Gory details of parsing quoted constructs

Finding the end
The first pass is finding the end of the quoted construct, whether it be a multicharacter delimeter "\nEOF\n" in the <<EOF construct, a / that terminates a qq// construst, a ] which terminates a qq[] construct, or a > which terminates a fileglob started with <.

When searching for single-character non-pairing delimeters such as /, combinations of \\ and \/ are skipped. However, when searching for single-character paring delimeter like [, combinations of \\, \], and \[ are skipped, and nested [, ] are skipped as well.
.....
Removal of backslashes before delimiters
During the second pass, text between the starting and ending delimiters is copied to a safe location, and the \ is removed from combinations consisting of \ and delimiter--or delimiters, meaning both starting and ending delimiters will should these differ. This removal does not happen for multi-character delimiters. Not that the combination of \\ is left in tact, just as it was.

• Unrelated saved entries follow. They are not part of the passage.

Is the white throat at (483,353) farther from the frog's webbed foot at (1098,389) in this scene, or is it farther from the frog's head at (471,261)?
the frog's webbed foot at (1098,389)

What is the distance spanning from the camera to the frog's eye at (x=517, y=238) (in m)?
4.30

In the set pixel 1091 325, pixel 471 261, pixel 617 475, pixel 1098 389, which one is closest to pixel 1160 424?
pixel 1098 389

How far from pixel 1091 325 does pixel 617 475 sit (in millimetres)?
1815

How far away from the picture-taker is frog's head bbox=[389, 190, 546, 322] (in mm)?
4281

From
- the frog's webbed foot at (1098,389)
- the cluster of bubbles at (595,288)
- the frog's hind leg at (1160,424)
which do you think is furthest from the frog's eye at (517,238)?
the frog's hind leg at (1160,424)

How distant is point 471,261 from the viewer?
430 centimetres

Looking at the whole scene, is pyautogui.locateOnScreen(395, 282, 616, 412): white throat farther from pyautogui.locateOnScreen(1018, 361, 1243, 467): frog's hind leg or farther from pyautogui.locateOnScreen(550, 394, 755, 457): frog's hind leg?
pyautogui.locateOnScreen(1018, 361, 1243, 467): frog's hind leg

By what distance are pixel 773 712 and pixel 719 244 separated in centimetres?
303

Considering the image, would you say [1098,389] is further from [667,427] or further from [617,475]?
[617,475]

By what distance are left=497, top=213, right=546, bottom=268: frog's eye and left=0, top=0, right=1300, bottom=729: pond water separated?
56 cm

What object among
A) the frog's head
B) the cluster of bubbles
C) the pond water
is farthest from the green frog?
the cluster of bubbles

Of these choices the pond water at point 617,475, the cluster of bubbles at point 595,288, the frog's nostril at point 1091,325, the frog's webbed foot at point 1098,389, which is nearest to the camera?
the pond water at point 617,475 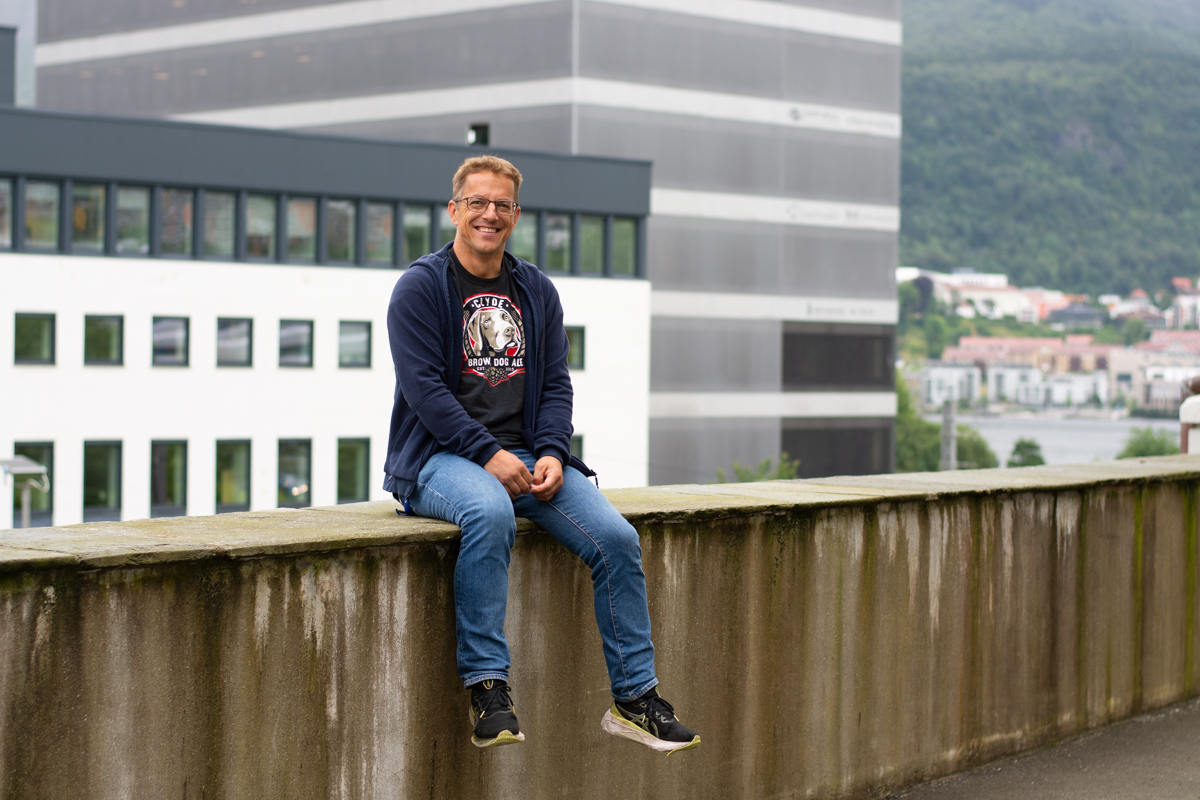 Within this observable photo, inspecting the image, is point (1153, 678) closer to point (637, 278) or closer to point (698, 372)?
point (637, 278)

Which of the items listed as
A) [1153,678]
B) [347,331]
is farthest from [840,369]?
[1153,678]

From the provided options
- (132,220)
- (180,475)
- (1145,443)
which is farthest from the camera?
(1145,443)

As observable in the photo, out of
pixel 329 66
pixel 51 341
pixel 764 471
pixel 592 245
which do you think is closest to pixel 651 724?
pixel 51 341

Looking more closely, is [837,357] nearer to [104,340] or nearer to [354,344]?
[354,344]

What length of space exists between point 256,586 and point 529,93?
4903cm

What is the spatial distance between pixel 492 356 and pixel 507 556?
0.60m

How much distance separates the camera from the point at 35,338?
1476 inches

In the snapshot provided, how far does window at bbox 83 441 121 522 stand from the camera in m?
37.8

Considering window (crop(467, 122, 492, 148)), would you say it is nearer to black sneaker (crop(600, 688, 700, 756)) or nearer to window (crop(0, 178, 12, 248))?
window (crop(0, 178, 12, 248))

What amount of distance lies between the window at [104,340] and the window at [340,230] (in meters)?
6.57

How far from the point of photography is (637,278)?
1795 inches

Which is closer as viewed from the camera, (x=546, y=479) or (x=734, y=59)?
(x=546, y=479)

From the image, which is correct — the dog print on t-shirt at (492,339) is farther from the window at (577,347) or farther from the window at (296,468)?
the window at (577,347)

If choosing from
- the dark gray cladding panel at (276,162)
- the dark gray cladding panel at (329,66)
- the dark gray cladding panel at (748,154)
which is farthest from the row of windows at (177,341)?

So what is actually happening is that when using m(...) (pairing delimiters) the \( and \) are, in the first pass, skipped as you would expect, and the actual beginning and end of the quoted material (the regex) are found properly.

But in the second pass, the \ backslash is stripped away from the inner parens, as documented. The result is that the inner parens are no longer escaped. When passed to the Regular Expression compiler, what the compiler recieves is: m/(?r)?/i. And in particular, as we saw before, (?r) is a syntax that the compiler has no idea what to do with. Thus endeth the story.